Activity: Copy only what lies from the line containing "When we autofill" through the line containing "So when they" in the entries below, keeping both end lines exact and dropping every picture.

Material for this exercise:
============================================================

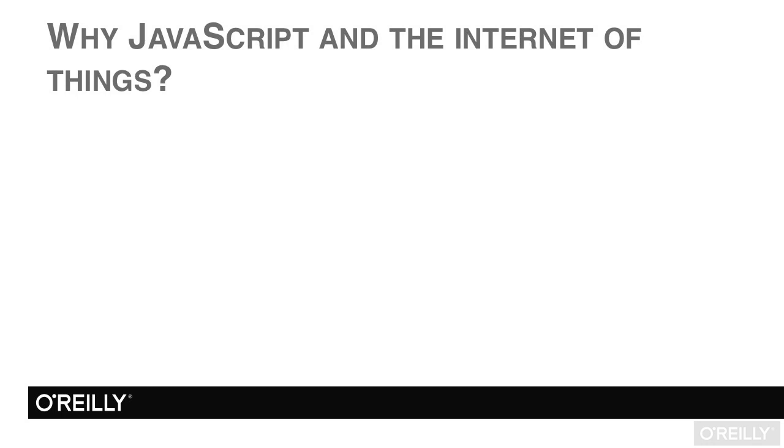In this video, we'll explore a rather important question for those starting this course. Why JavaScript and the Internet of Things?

============================================================

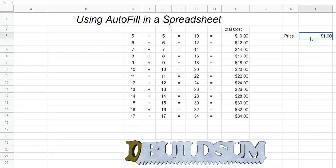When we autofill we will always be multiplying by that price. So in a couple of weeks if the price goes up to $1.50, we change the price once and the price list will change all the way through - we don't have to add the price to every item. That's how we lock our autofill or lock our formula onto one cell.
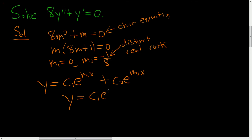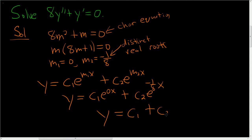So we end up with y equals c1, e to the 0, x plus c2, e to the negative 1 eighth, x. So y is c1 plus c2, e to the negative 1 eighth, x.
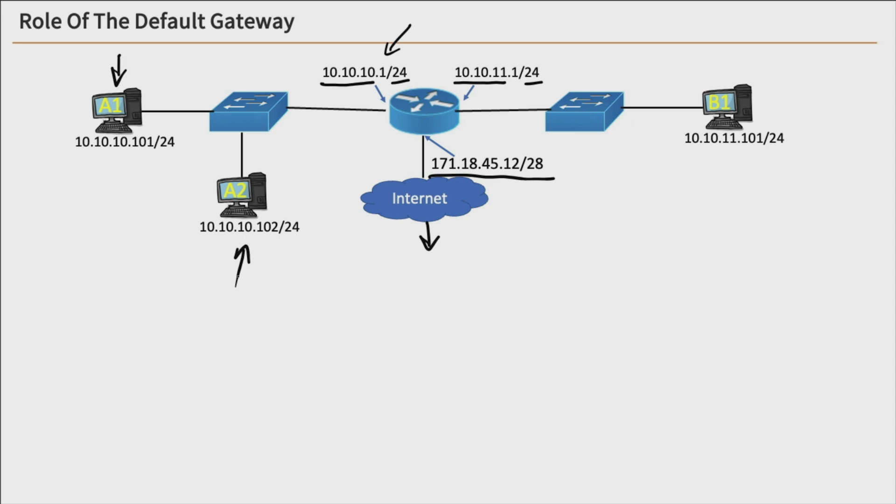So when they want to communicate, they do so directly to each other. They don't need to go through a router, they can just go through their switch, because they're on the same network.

============================================================

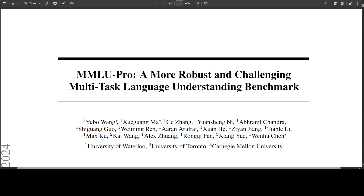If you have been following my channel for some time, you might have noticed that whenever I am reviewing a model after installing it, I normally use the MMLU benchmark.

============================================================

Reply to the task:
When we autofill we will always be multiplying by that price. So in a couple of weeks if the price goes up to $1.50, we change the price once and the price list will change all the way through - we don't have to add the price to every item. That's how we lock our autofill or lock our formula onto one cell.
So we end up with y equals c1, e to the 0, x plus c2, e to the negative 1 eighth, x. So y is c1 plus c2, e to the negative 1 eighth, x.
So when they want to communicate, they do so directly to each other. They don't need to go through a router, they can just go through their switch, because they're on the same network.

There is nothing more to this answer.